Every entry below should be transcribed exactly; pictures stay out of the copy.

+++++

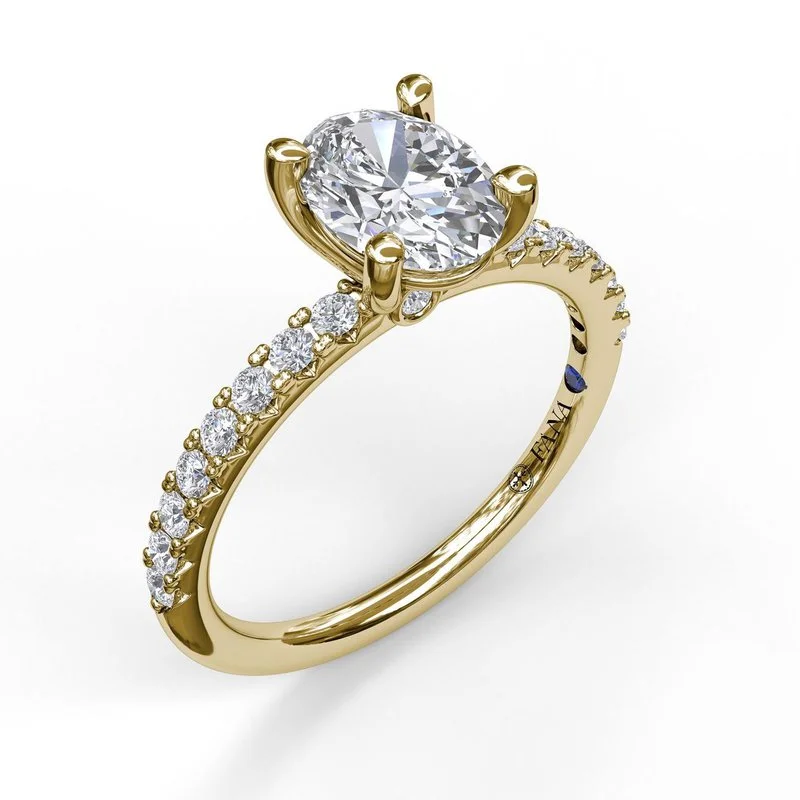 ladies engagement ring best deals silver-Classic Single Row Engagement ring with an Oval Center Diamond.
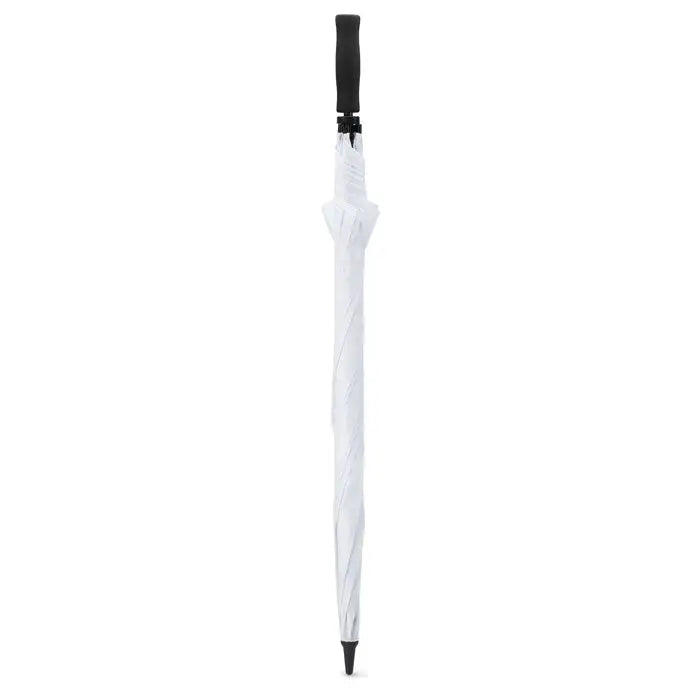 Umbrelă de golf albă de 30 inch cu mâner și vârf negru, design modern și elegant
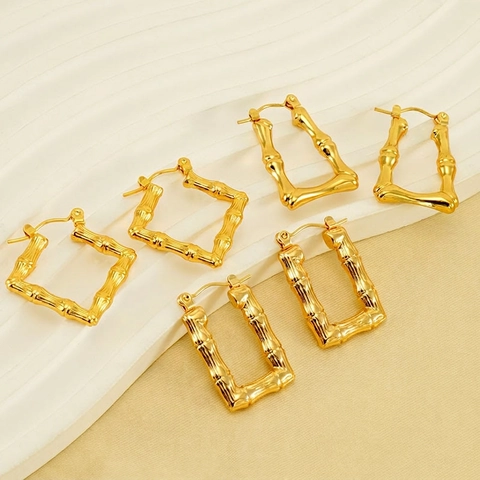 Pendientes De Aro Vintage Nudo De Bambú Acero Inoxidable Chapado En Oro De 18K Geométricos Rombo Cuadrados Forma U Para Mujeres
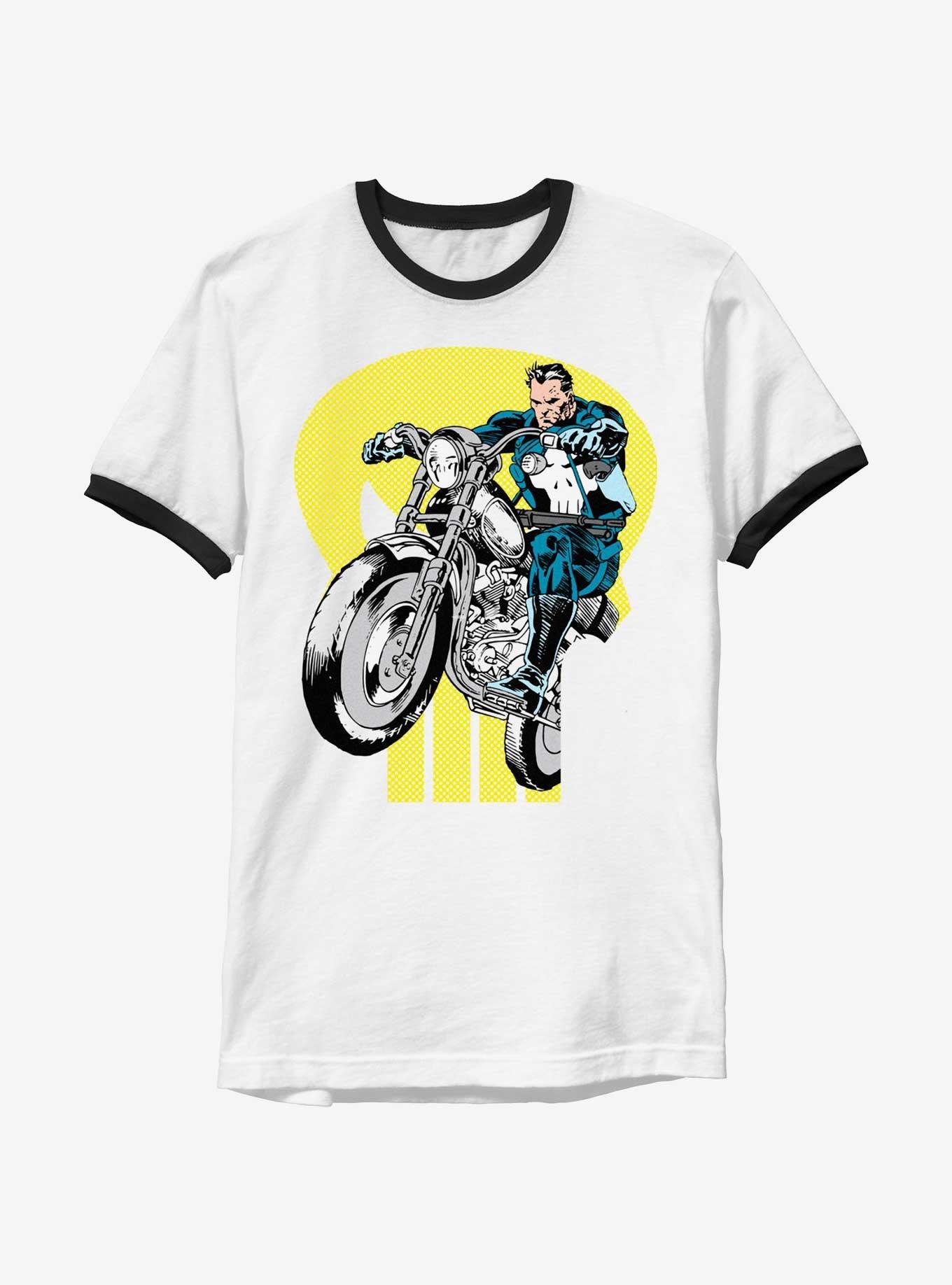 Marvel Punisher Riding Motorcycle Ringer T-Shirt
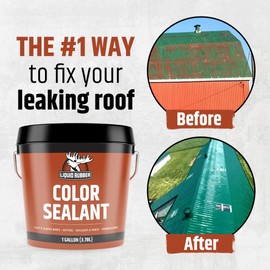 Liquid Rubber Color Waterproof Sealant - Elastomeric Roofing Coating for Flat or Slope Roofs & Foundations - DIY Paint & Leak Repair Membrane Compatible with Metal & Concrete - Dark Gray, 1 Gallon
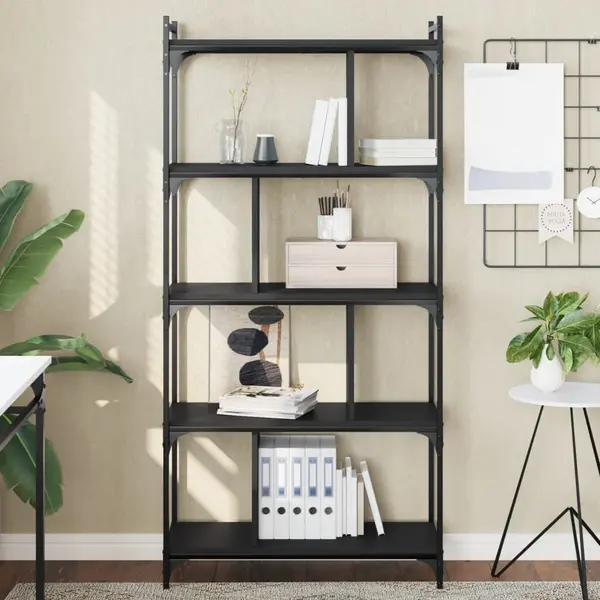 Gossi biblioteca cu 5 niveluri, negru, 76x32x158 cm, lemn prelucrat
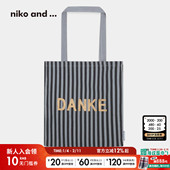 ...帆布包2025新款 niko and 条纹流行通勤棉质字母印花提包611930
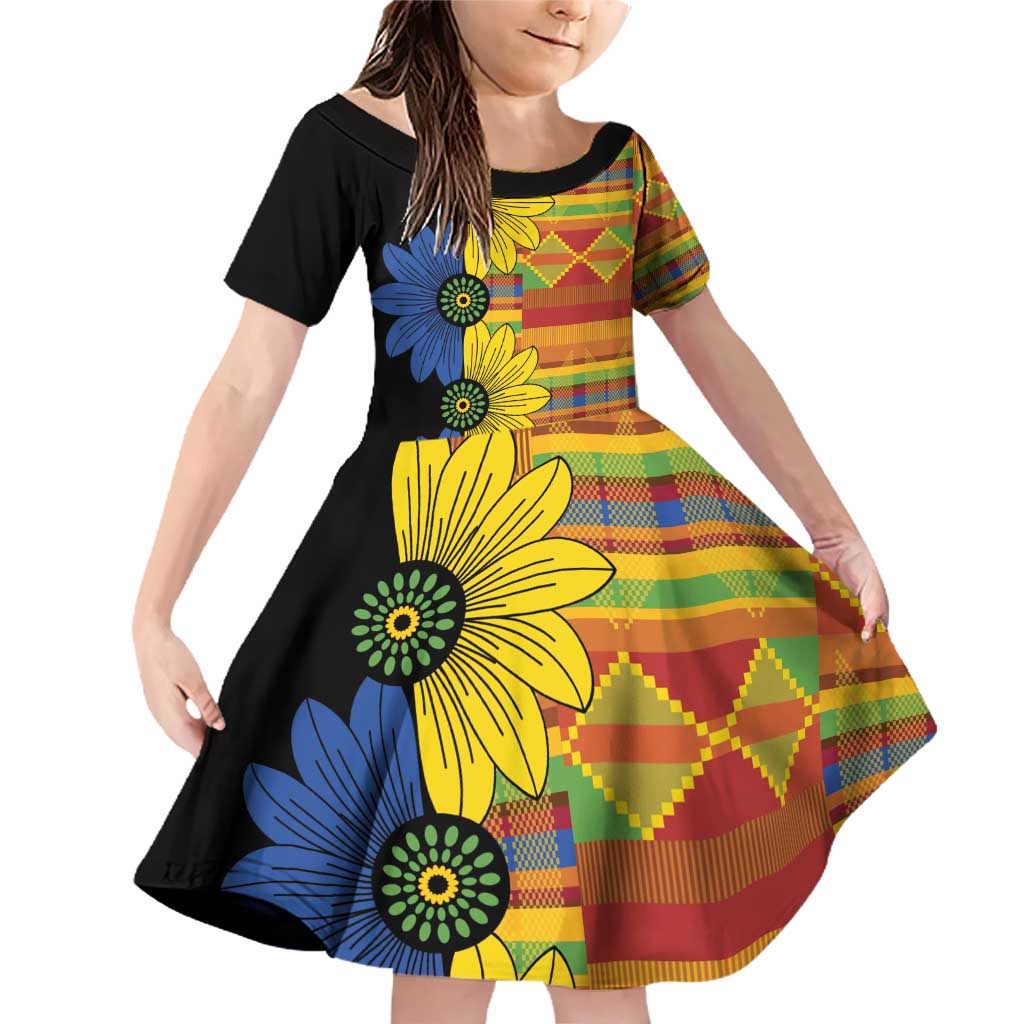 African Ethnic Kitenge Ankara Style Family Matching Off Shoulder Short Dress and Hawaiian Shirt LT9 - Wonder Print Shop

+++++

■ Written response
 ladies engagement ring best deals silver-Classic Single Row Engagement ring with an Oval Center Diamond.
 Umbrelă de golf albă de 30 inch cu mâner și vârf negru, design modern și elegant
 Pendientes De Aro Vintage Nudo De Bambú Acero Inoxidable Chapado En Oro De 18K Geométricos Rombo Cuadrados Forma U Para Mujeres
 Marvel Punisher Riding Motorcycle Ringer T-Shirt
 Liquid Rubber Color Waterproof Sealant - Elastomeric Roofing Coating for Flat or Slope Roofs & Foundations - DIY Paint & Leak Repair Membrane Compatible with Metal & Concrete - Dark Gray, 1 Gallon
 Gossi biblioteca cu 5 niveluri, negru, 76x32x158 cm, lemn prelucrat
 ...帆布包2025新款 niko and 条纹流行通勤棉质字母印花提包611930
 African Ethnic Kitenge Ankara Style Family Matching Off Shoulder Short Dress and Hawaiian Shirt LT9 - Wonder Print Shop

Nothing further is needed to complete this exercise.